**Task details:**
Reproduce nothing but the lines from the start of the material through the line that includes "YAMAHA XSR 900 80 Black-image-0", both ends included, and omit every picture.

**Data records:**
----------

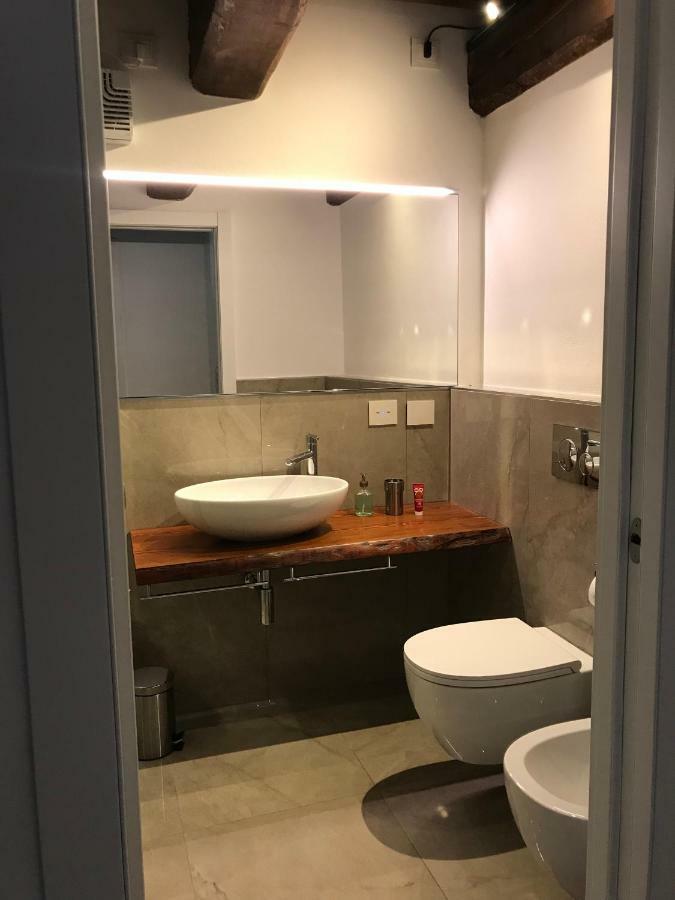 Moderno Affaccio Su Via Mazzini Apartment Ferrara Luaran gambar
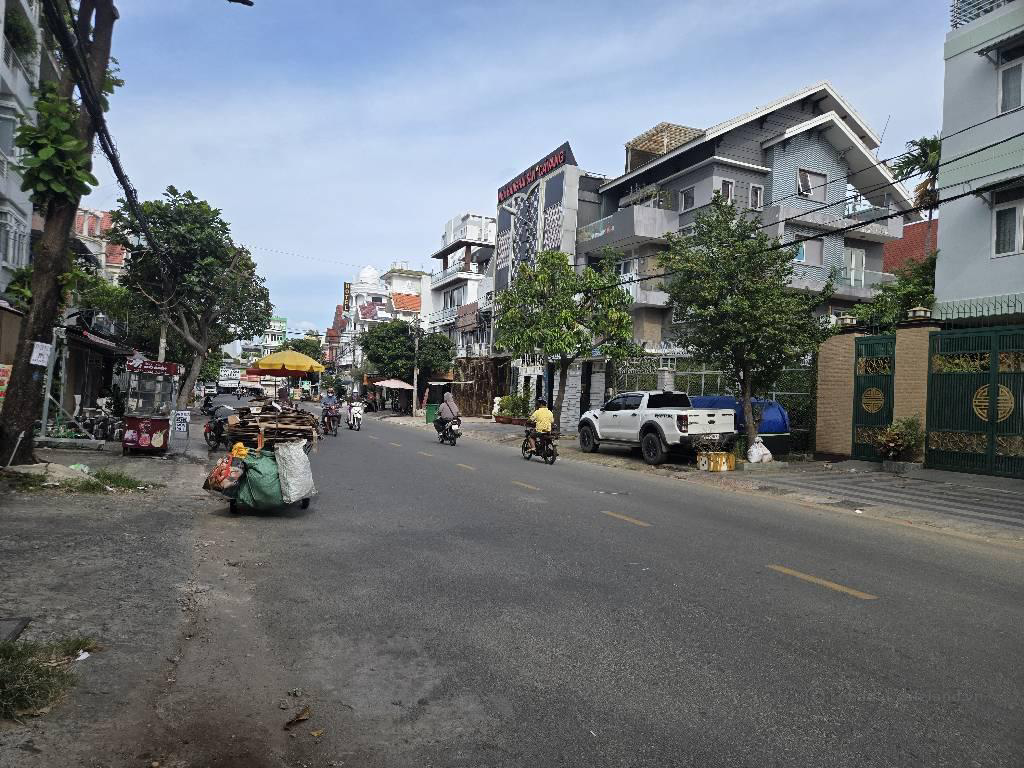 MTKD KHU VIP TÊN LỬA, GẦN NGÃ 4 VÀNH ĐAI TRONG - NHÀ THỜ PHAOLO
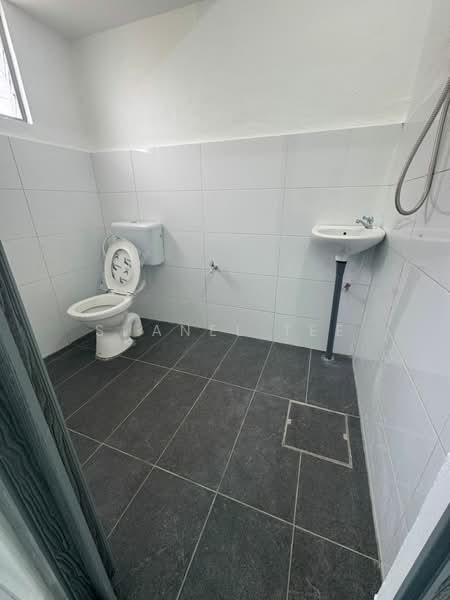 Rumah Teres 2 Tingkat untuk Dijual di Kluang (Johor) - Shanel Tee - Bathroom - PropertyGuru.com.my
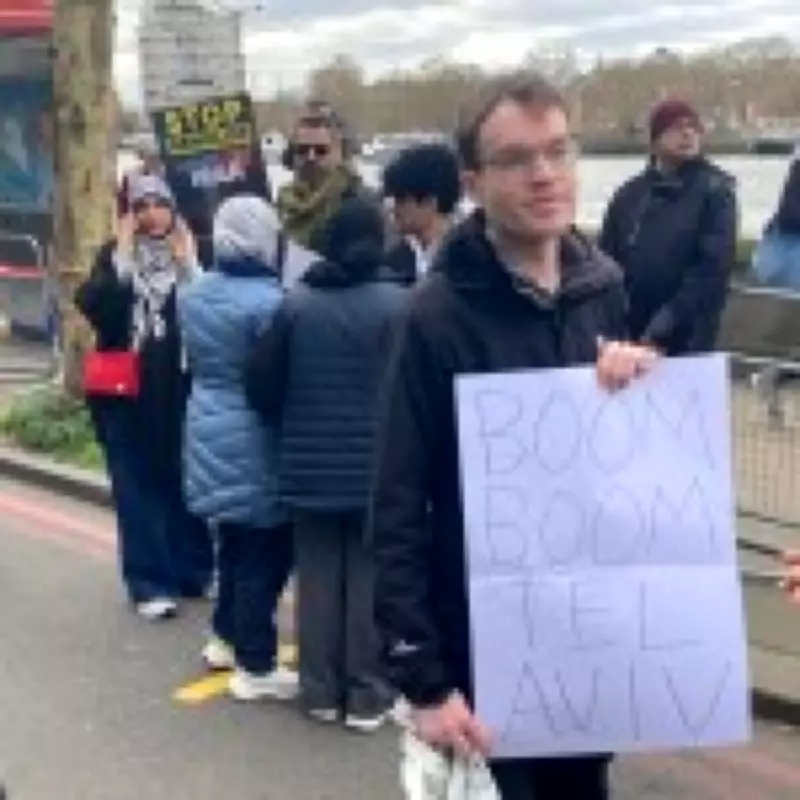 Al Quds Day Protest in London Features Offensive 'Boom Boom Tel Aviv' Signs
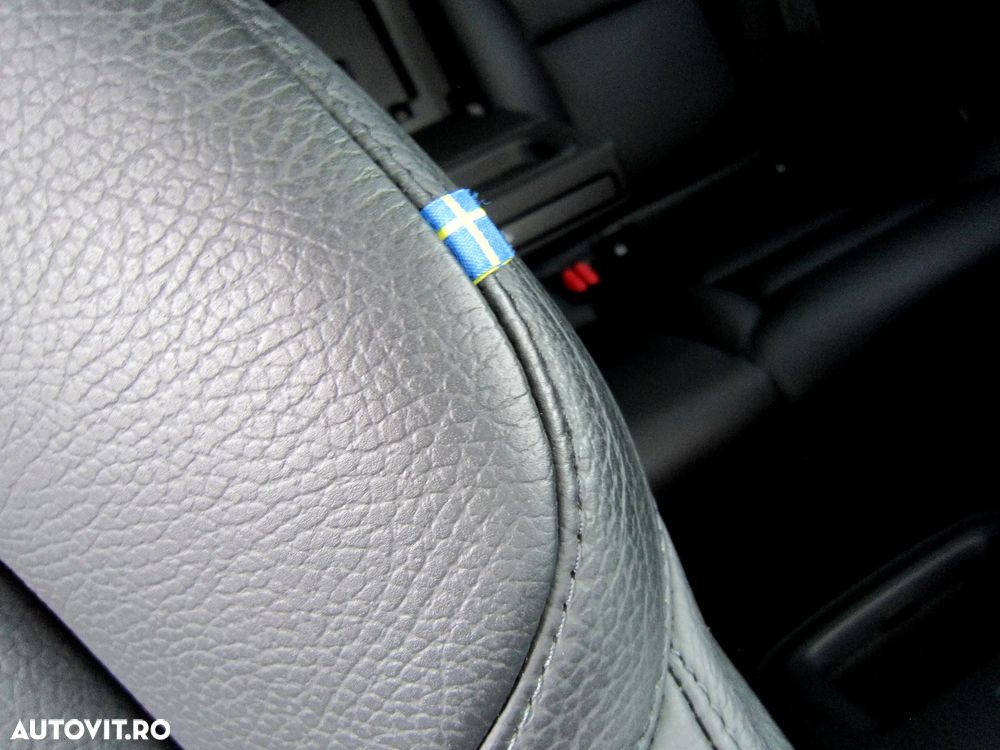 Volvo XC 60 B4 MHEV AT8 FWD Momentum Pro - 19
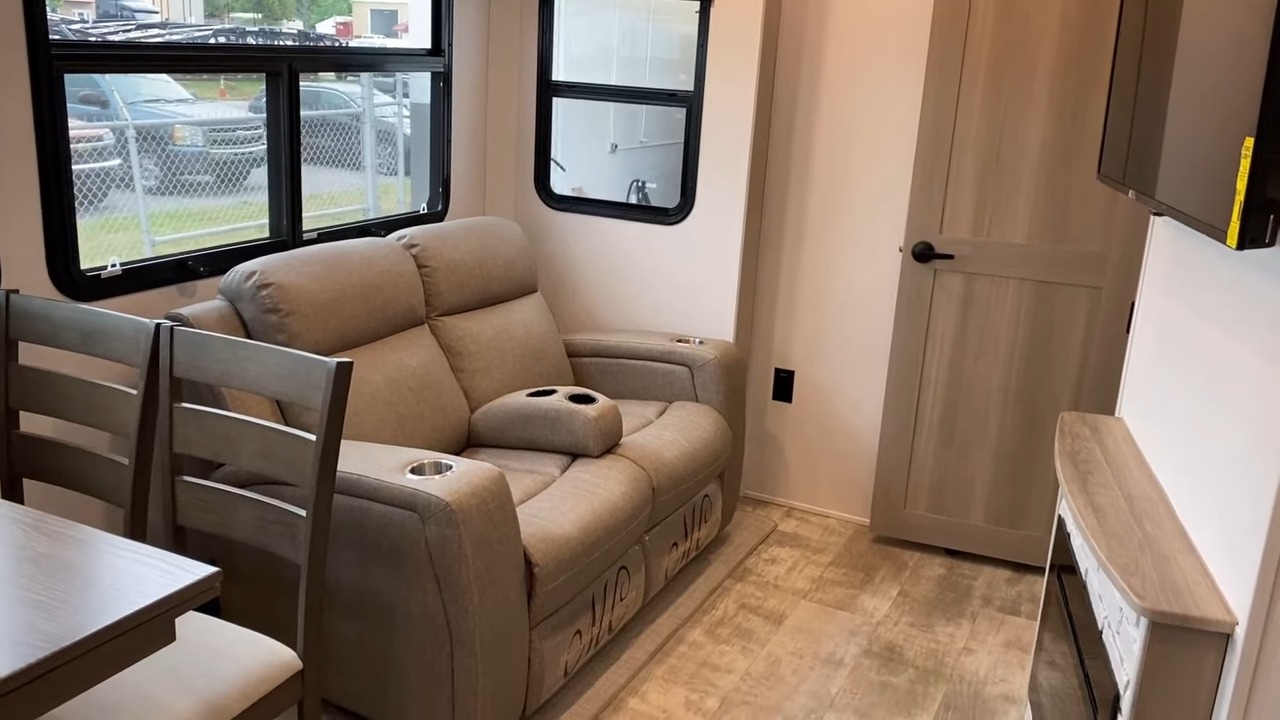 FOREST RIVER ROCKWOOD 373BH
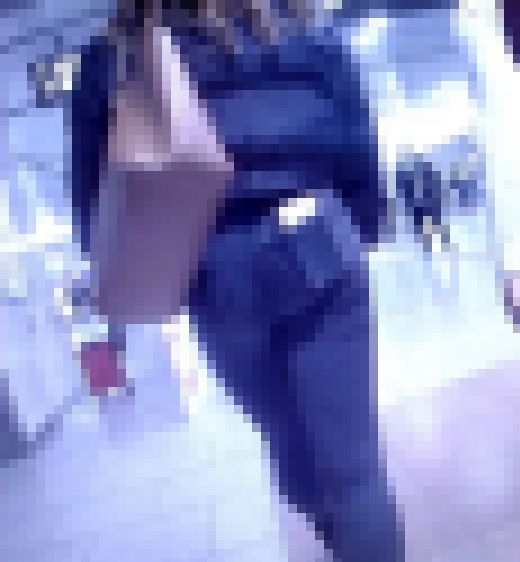 長身爆尻美女がブラックスキニーデニムピタピタパンパンにさせて歩いてるよ　サンプル画像2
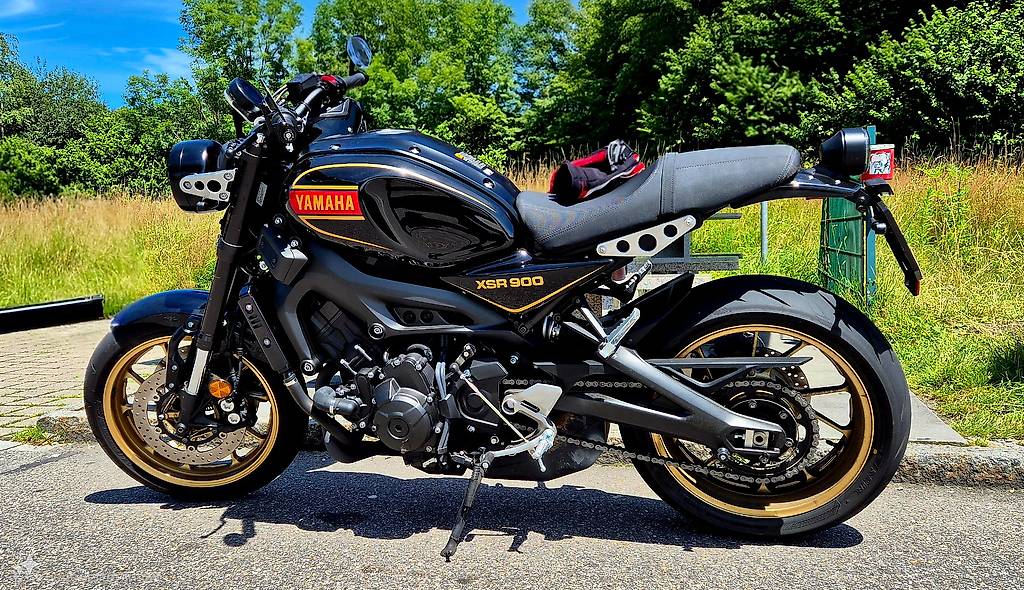 YAMAHA XSR 900 80 Black-image-0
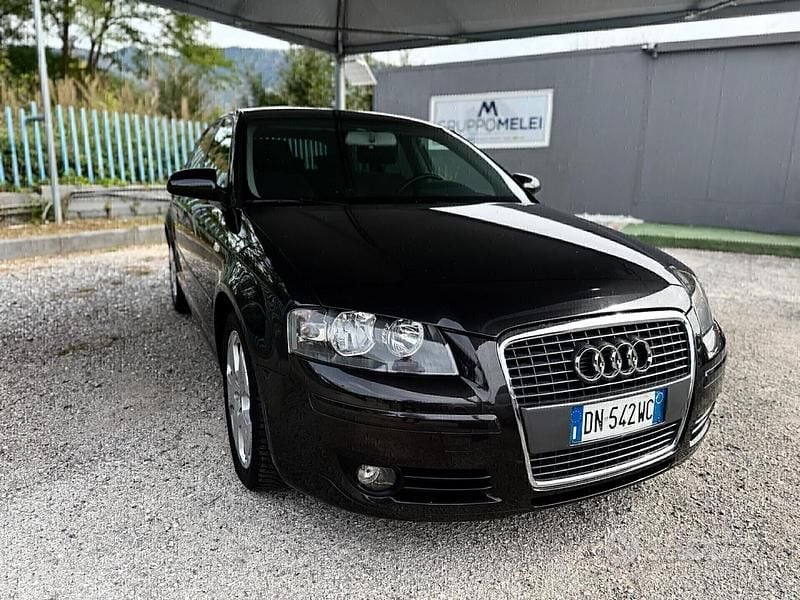 Usado Audi A3 Ambition 171 CV (125 kW) 2008 Gris Utilitario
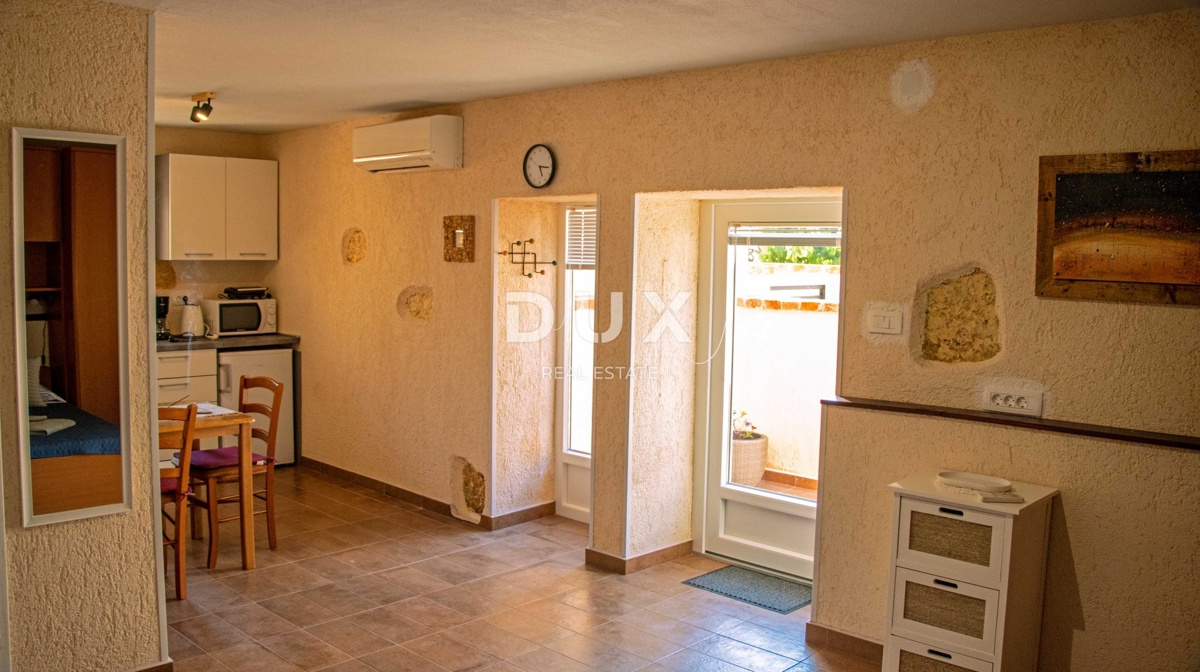 ISTRIA, MEDULIN - Casa in pietra d'Istria + Casa vacanze in ottima posizione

----------

**Output for this exercise:**
 Moderno Affaccio Su Via Mazzini Apartment Ferrara Luaran gambar
 MTKD KHU VIP TÊN LỬA, GẦN NGÃ 4 VÀNH ĐAI TRONG - NHÀ THỜ PHAOLO
 Rumah Teres 2 Tingkat untuk Dijual di Kluang (Johor) - Shanel Tee - Bathroom - PropertyGuru.com.my
 Al Quds Day Protest in London Features Offensive 'Boom Boom Tel Aviv' Signs
 Volvo XC 60 B4 MHEV AT8 FWD Momentum Pro - 19
 FOREST RIVER ROCKWOOD 373BH
 長身爆尻美女がブラックスキニーデニムピタピタパンパンにさせて歩いてるよ　サンプル画像2
 YAMAHA XSR 900 80 Black-image-0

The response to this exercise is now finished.